While former Missouri Gov. Eric Greitens, a Republican who resigned in disgrace last year as part of a plea deal with prosecutors, reportedly has been telling friends that he plans to deploy to the Middle East with the Navy this fall, the Washington Post reported Friday that there’s one big potential stumbling block: The Navy may not want him back.
Greitens served as a Navy SEAL before he first ran for office in 2016, and he heavily promoted his combat experience in that successful bid for governor. However, Greitens’ brief political career began to unravel in early 2018 in the face of allegations that he’d sexually assaulted the woman he was having an affair with and blackmailed her. Greitens ended up getting indicted by local prosecutors twice: Once on allegations of first-degree felony invasion of privacy related to this story, and once for unrelated charges of computer tampering involving his charity.
The GOP-led state legislature, which had little love for Greitens after spending a year feuding with him, also began to move towards removing him from office. The governor eventually resigned in exchange for the tampering charges getting dropped. A short time later, the Jackson County Prosecutor’s office also announced that was dropping the charges in the sexual assault and blackmail case because it believed it was impossible to successfully prosecute Greitens.

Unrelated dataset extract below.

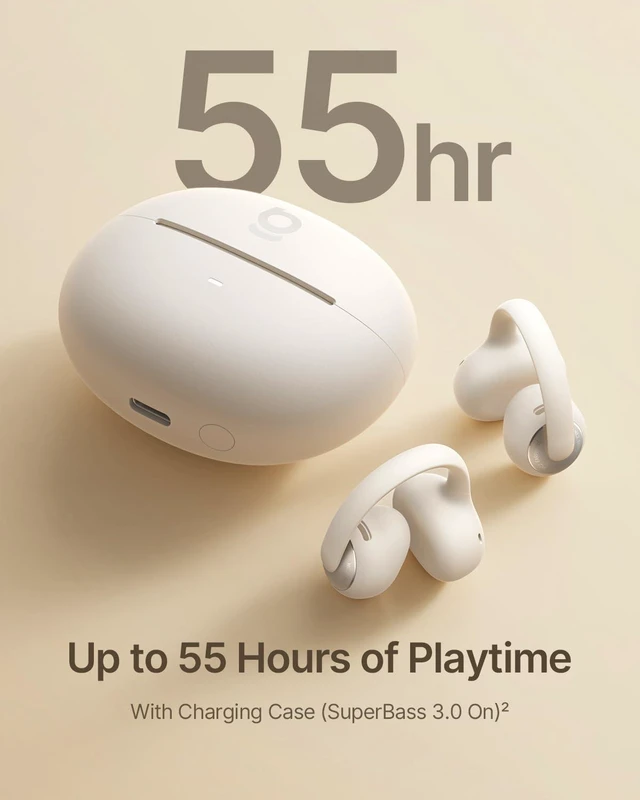 Alt view image 6 of 7 - Bowie MC2 Open Ear Clip On Earbuds, CloudComfort 2.0 Wrap-Around Design, LDAC Hi-Res Audio, Bluetooth 6.0, 55H Playtime, 4-Mic AI Clear Call, IP67 Waterproof for Running Gym Workouts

Greitens kept a fairly low-profile over the following few months, but in late May, the Kansas City Star reported that he was telling his allies that he planned to deploy to the Middle East as well as publish another book this year. The former governor also doesn’t seem to think that his political career is over despite all that’s happened. The paper also wrote that, while Greitens showed little interest in running for his old job next year, he was eyeing a 2022 campaign for the Senate seat held by fellow Republican Roy Blunt.
However, while the Navy confirmed to the Star that Greitens had indeed transferred from the reserves back to active status, he may not be getting the post he planned for. Washington Post reporter Dan Lamothe reported on Friday that three unnamed Navy officials said that, while it’s possible that Greitens will keep serving, the Navy hasn’t decided if he should be allowed to deploy outside of Missouri.

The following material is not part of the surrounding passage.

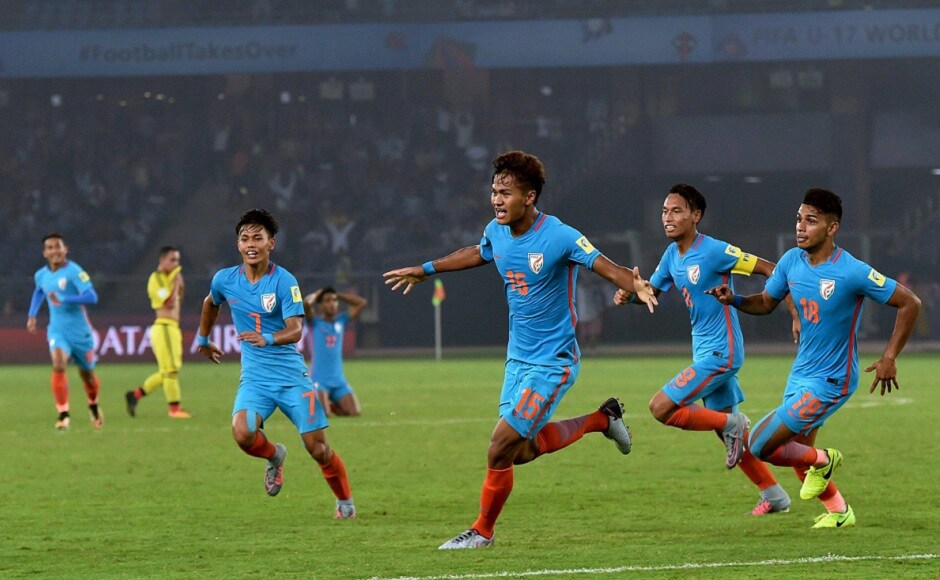 Jeakson, the tallest player in the Indian side, headed in a Sanjeev Stalin corner, sending the stadium into a state of delirium. AP Jeakson, the tallest player in the Indian side, headed in a Sanjeev Stalin corner, sending the stadium into a state of delirium. AP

Adm. John Richardson, who serves as chief of naval operations, also sent out an email on May 26 to fellow admirals saying that “recent events involving the transition of Mr. Greitens” have “excited a persistent frustration of mine that I want to address more comprehensively.”
Richardson added that the service's methods for addressing personal misconduct are “too cumbersome and slow” and that they lead to the Navy keeping people “we’d rather see dismissed from our ranks.” Richardson, who Lamothe writes “call[ed] for a new 30-day review of how the service handles personnel cases involving personal misconduct allegations, including Greitens’s,” confirmed that he’d sent out the email.
Despite Greitens’ fall from grace, he still has some high-profile friends in the government. Lamothe reports that retired Adm. Joseph Kernan, who now serves as an undersecretary of defense, spent January talking to the Navy about a possible return to active service for Greitens. Thanks to Kernan, the top admiral in charge of personnel spoke to the former governor and raised the possibility that Mike Pence himself could request Greitens by name for an assignment. An unnamed official close to Pence denies that he had any interest in helping Greitens revive his military career.